7.7.5. OPENAI-05 — Embeddings and Models

This tutorial covers text embeddings (and comparing them), listing and retrieving models, and why model ids are percent-encoded in the URL path.

7.7.5.1. Embeddings and cosine similarity

embed turns a string into a vector of floats.
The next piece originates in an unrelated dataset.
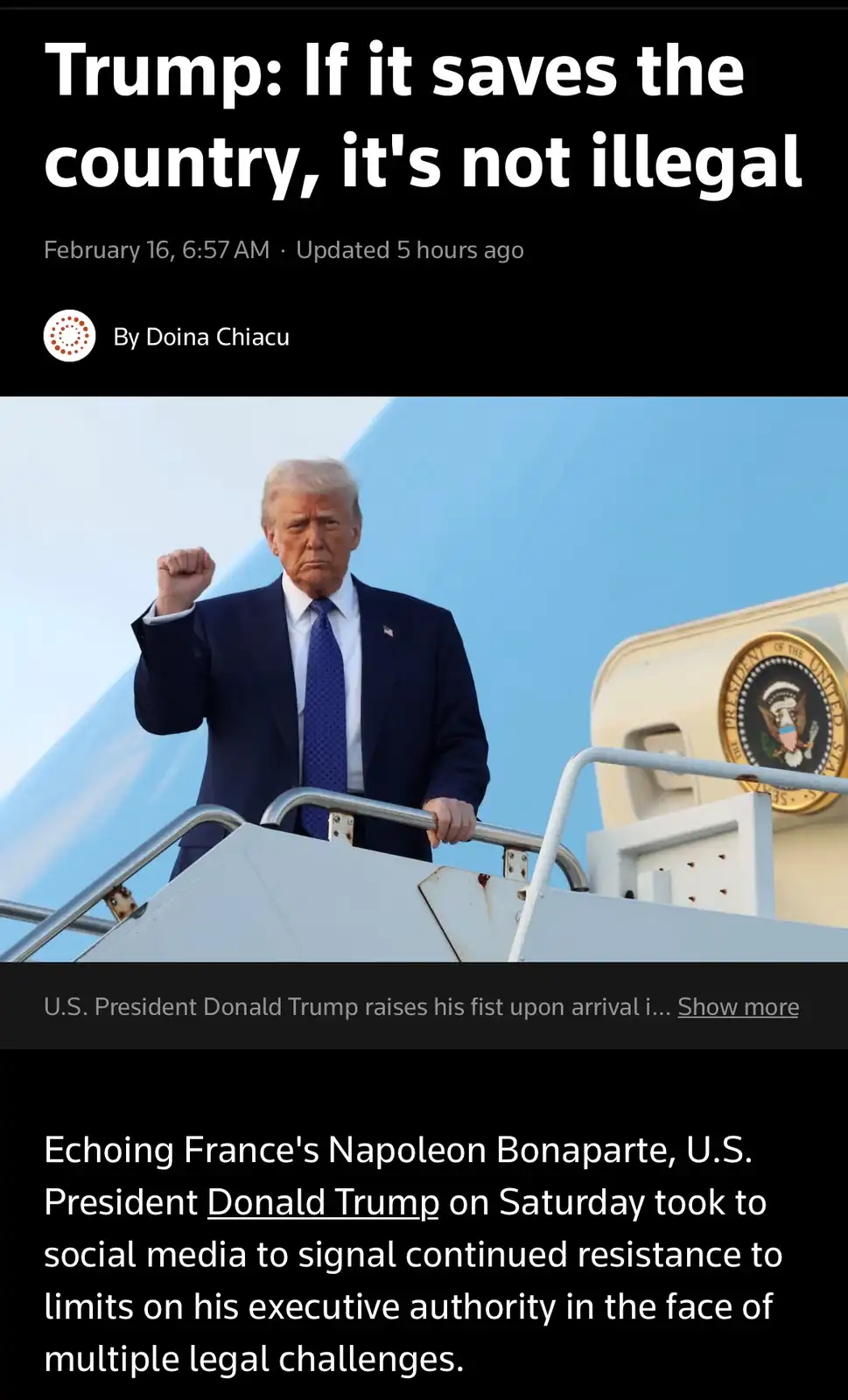 A screenshot of a news article shows Donald Trump raising his fist on the stairs of Air Force One, with the presidential…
Semantically similar texts produce vectors that point in similar directions — measured by cosine similarity (1.0 = identical direction, 0.0 = orthogonal):

require openai/openai_embeddings
require math

let v1 = embed(client, "text-embedding-3-small", "a cat sat on the mat")
let v2 = embed(client, "text-embedding-3-small", "the feline rested on the rug")

def cosine(a, b : array<float>) : float {
    var dot = 0.0; var na = 0.0; var nb = 0.0
    for (i in range(length(a))) {
        dot += a[i] * b[i]; na += a[i] * a[i]; nb += b[i] * b[i]
    }
    return dot / (sqrt(na) * sqrt(nb))
}
print("similarity: {cosine(v1, v2)}\n")

For the full EmbeddingResponse (per-input vectors + usage), use embeddings(client, req) with an EmbeddingRequest.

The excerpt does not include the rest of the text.